- PROBLEM TO SOLVE
Starting at the top of the entries below, print each line exactly until the line with "New 2025 Toyota Sienna XLE image 33" has been printed too.
..........
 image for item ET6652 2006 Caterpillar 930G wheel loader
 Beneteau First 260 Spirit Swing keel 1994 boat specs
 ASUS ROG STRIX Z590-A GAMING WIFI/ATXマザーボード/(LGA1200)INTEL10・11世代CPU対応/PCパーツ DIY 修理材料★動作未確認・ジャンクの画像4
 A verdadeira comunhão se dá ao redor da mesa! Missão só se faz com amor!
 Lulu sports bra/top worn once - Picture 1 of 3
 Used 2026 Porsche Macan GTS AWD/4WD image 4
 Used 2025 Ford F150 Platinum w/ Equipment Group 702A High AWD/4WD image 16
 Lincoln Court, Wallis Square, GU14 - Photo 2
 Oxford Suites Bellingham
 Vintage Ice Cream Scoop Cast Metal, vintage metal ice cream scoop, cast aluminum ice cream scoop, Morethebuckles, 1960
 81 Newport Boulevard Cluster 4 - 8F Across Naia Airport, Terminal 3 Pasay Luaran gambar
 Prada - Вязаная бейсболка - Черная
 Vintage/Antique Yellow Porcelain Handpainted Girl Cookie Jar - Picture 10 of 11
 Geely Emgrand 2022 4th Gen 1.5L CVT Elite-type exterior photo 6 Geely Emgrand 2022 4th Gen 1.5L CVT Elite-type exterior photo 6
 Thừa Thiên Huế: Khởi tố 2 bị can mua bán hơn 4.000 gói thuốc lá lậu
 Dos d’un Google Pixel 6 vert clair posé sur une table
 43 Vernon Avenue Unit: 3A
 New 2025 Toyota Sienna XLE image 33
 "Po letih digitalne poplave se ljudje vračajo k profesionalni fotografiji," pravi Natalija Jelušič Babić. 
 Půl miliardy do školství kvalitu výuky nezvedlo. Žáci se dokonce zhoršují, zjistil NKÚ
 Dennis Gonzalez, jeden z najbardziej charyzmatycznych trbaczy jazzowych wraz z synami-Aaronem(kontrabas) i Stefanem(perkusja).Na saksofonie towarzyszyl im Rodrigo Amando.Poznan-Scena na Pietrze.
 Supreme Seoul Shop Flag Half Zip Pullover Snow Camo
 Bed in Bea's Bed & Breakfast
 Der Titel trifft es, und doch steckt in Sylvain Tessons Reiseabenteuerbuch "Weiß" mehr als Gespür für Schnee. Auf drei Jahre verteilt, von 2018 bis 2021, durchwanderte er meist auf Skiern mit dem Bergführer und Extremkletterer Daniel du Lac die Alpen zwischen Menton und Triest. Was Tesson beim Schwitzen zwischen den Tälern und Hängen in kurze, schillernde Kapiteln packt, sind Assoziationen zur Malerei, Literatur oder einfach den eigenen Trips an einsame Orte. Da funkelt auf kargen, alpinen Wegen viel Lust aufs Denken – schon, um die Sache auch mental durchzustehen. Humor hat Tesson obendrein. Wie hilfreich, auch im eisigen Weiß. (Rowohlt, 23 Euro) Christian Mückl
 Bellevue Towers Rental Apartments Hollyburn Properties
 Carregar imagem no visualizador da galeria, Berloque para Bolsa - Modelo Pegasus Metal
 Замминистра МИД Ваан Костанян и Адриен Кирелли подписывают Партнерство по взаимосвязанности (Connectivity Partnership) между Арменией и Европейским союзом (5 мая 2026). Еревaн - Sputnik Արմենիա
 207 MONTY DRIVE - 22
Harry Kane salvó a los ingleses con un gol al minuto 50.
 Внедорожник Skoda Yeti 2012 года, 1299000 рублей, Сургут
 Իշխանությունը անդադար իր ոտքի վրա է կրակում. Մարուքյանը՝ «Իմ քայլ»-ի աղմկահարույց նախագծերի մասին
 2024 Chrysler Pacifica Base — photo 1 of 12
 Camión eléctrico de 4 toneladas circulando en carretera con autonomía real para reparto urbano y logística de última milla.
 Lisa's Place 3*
..........
- PROBLEM SOLUTION
 image for item ET6652 2006 Caterpillar 930G wheel loader
 Beneteau First 260 Spirit Swing keel 1994 boat specs
 ASUS ROG STRIX Z590-A GAMING WIFI/ATXマザーボード/(LGA1200)INTEL10・11世代CPU対応/PCパーツ DIY 修理材料★動作未確認・ジャンクの画像4
 A verdadeira comunhão se dá ao redor da mesa! Missão só se faz com amor!
 Lulu sports bra/top worn once - Picture 1 of 3
 Used 2026 Porsche Macan GTS AWD/4WD image 4
 Used 2025 Ford F150 Platinum w/ Equipment Group 702A High AWD/4WD image 16
 Lincoln Court, Wallis Square, GU14 - Photo 2
 Oxford Suites Bellingham
 Vintage Ice Cream Scoop Cast Metal, vintage metal ice cream scoop, cast aluminum ice cream scoop, Morethebuckles, 1960
 81 Newport Boulevard Cluster 4 - 8F Across Naia Airport, Terminal 3 Pasay Luaran gambar
 Prada - Вязаная бейсболка - Черная
 Vintage/Antique Yellow Porcelain Handpainted Girl Cookie Jar - Picture 10 of 11
 Geely Emgrand 2022 4th Gen 1.5L CVT Elite-type exterior photo 6 Geely Emgrand 2022 4th Gen 1.5L CVT Elite-type exterior photo 6
 Thừa Thiên Huế: Khởi tố 2 bị can mua bán hơn 4.000 gói thuốc lá lậu
 Dos d’un Google Pixel 6 vert clair posé sur une table
 43 Vernon Avenue Unit: 3A
 New 2025 Toyota Sienna XLE image 33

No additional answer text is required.